Moscow on the Hudson
Alice Tully Hall
Johann Sebastian Bach: Prelude and Fugue in C from the WTC, Book I
Frederic Chopin: 24 Preludes
Serge Prokofieff: Sonata # 4
Oded Zehavi: Memories
Sergei Rachmaninoff: Sonata # 2
Vassily Primakov (piano)
I have a tendency to classify a great many performers as “young”, but Vassily Primakov actually is, still studying for his bachelor’s at Juilliard. A product of the Soviet system and the Moscow Central Special Music School, Primakov recently won a competition at his American school, the prize being a recital downstairs at Alice Tully Hall. I attended this evening primarily because I was impressed with the choice of program, a fiendishly difficult combination of three notoriously challenging pieces, and was healthily skeptical as to whether such a novice could pull it off. As is my wont, I had already decided to allow for his youth and inexperience in the pursuit of the greater good of promoting classical music’s fragile future.
But no such sympathetic angle was necessary to heap praise upon this decidedly mature and confident artist. The program was one of highly impressive technical wizardry (not terribly surprising considering the level of study at the school) and an extremely polished sense of musicianship (much more of a delight and unexpected thrill). The opening Bach prelude was an intellectually satisfying beginning, as it pointed out the genius of Chopin to arrange his 24 pieces in the genre in a manner similar to the old Leipzig master (except that the romantic arranges his preludes in all possible key signatures in the order of the circle of fifths). The absence of fugues in the Chopin allows for a stunning variety of shapes and sizes of the preludes, the moods manically shifting unpredictably. Primakov sensed the difference in both style and content in these two first half pieces, performing the Bach with a profound sense of delicacy (in both touch and meaning) and varying the Chopin in a very colorful manner. His sure technique stood him in good stead, allowing him to take flight in a panoply of poetic interpretations, each tailored to the individual prelude’s ultimate emotional nature. His personal sense of rubato (particularly apparent in the Etude that he chose for an encore) placed a unique stamp upon this music of the most accomplished composer of this particular musical device. This was mature and interesting pianism of the highest order.
Befitting the pianist’s age, the recital’s most moving performance was the Prokofieff. Written to commemorate his dear friend of student days, Maximilian Schmidthof, who sent a suicide note to the composer just before doing himself in, the 4th Sonata is filled with teenaged angst as intense as any composition by Kurt Cobain. Again this fine concert artist combined a steady touch with a heartfelt sense of the expressive center of the work. The new Israeli piece was also energetic and exciting, a fine coupling for the dissonances of the Prokofieff. This is difficult music to absorb on a first hearing, but there was little doubt that the pianist is a firm advocate for its creative legitimacy.

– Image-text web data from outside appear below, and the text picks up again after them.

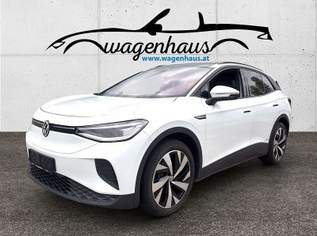 ID.4 Pro Performance Tech, ACC, Spurw, Panorama, Akk..., 28990 €, Auto & Fahrrad-Autos in 4655 Vorchdorf ID.4 Pro Performance Tech, ACC, Spurw, Panorama, Akk..., 28990 €, Auto & Fahrrad-Autos in 4655 Vorchdorf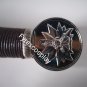 Geralt's sword The witcher 3 wild hunt geralt of rivia silver sword of Geralt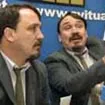 Квітневі тези або спецрахунки з ПДВ як передумова директорської революції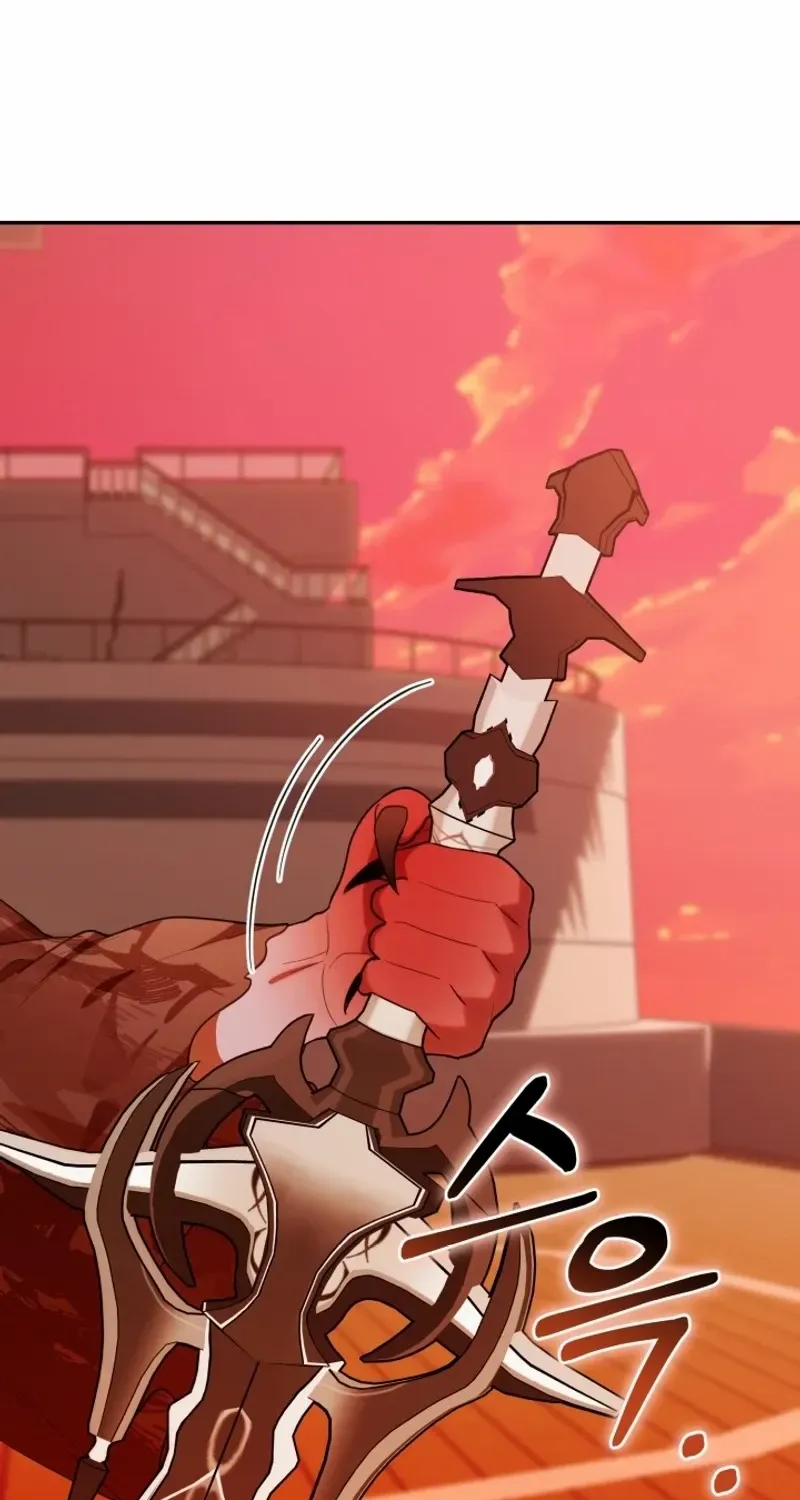 The Chick-Class Hunter is Filial! Chapter 20 page 58 - 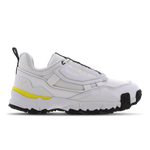 White-Meadowlark Yellow
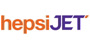 hepsiJET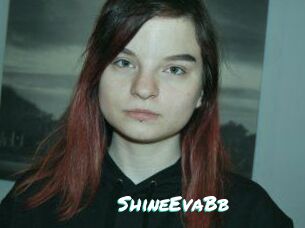 ShineEvaBb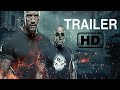 G I JOE 3:Ever Vigilant Trailer 2020 |trailer 2021 |Dwayne Johnson |Bruce Willis |Lee Byung-hun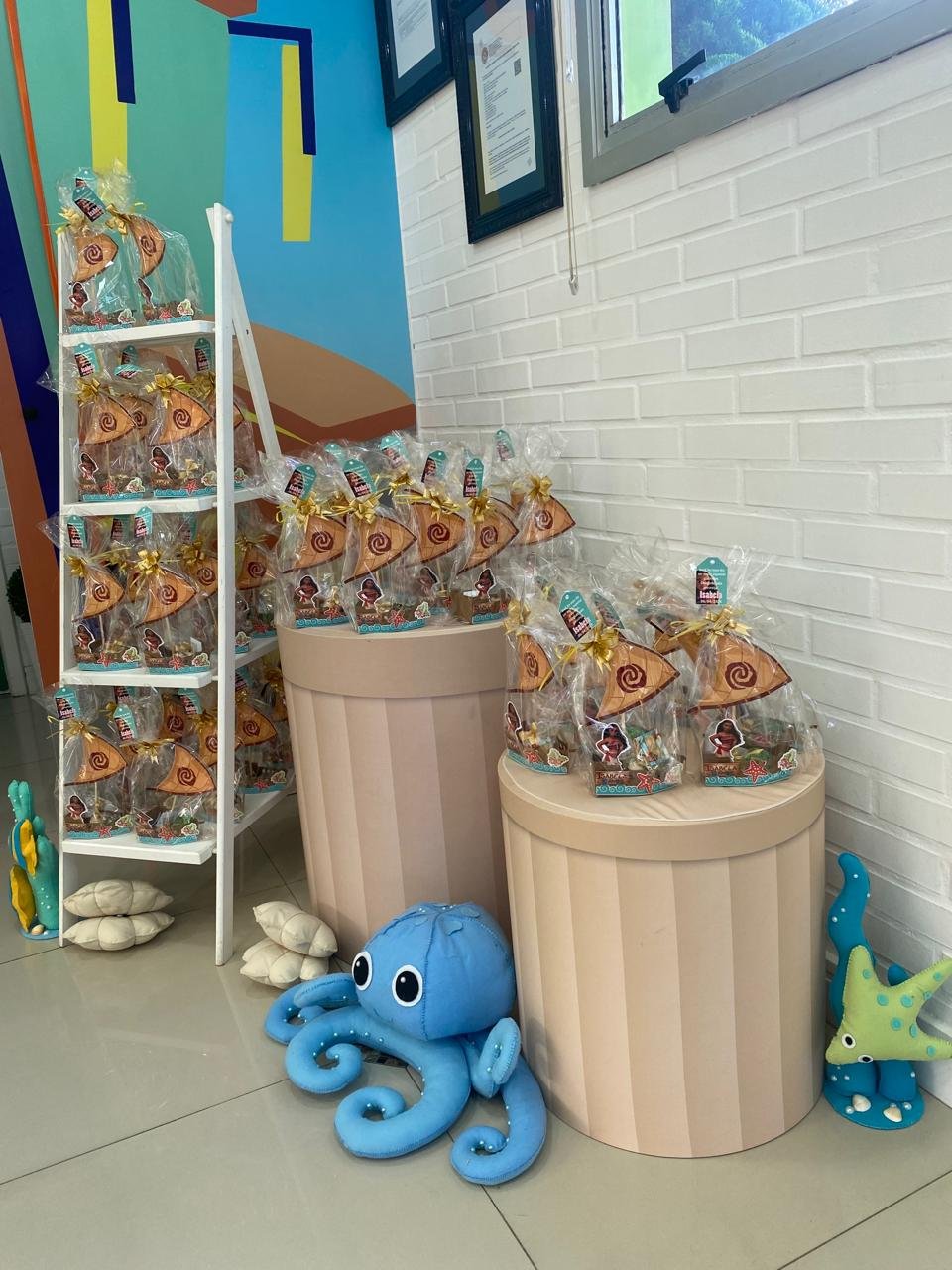 https://www.playkidspark.com.br/assets/userfiles/archives/IMG-20240406-WA0015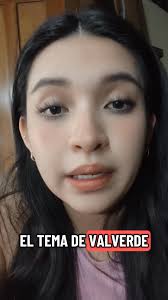 Bolivianos en Iquique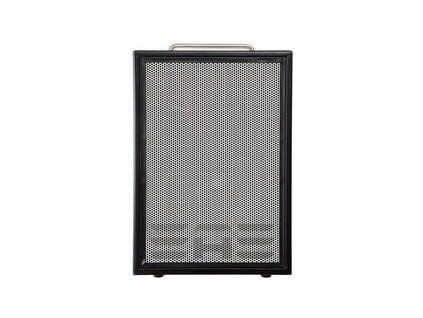 Elite Acoustics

The Rachmaninoff was simply dazzling. This youth’s ability to build the slow movement into a such a glorious structure is positively indescribable. In the outer movements, Primakov’s steely power was evident in the right hand and his navigation of the difficult cross-handed passages was such that this renowned keyboard obstacle course was rendered tame and silken. Rachmaninoff, in many ears the greatest pianist of his century, had a flaw as a composer for the keyboard. Because of his superhuman agility and massive hands, he sometimes forgot that mere mortals needed to perform his music as well. In some instances, the composer even approached his friend Vladimir Horowitz (no mean technician himself) to edit passages that would otherwise be far above even a veteran artist’s performing level. None of these difficulties were an impediment to Mr. Primakov; in the end, only the music came through.
Having said all of this, there are still challenges ahead for this artist. The Chopin revealed a tendency for a lazy left hand and there are still accuracy issues with which to deal. But for an undergraduate this was a spectacular recital. Vassily Primakov has that rarest of qualities: the soul of a musician. You can’t teach that.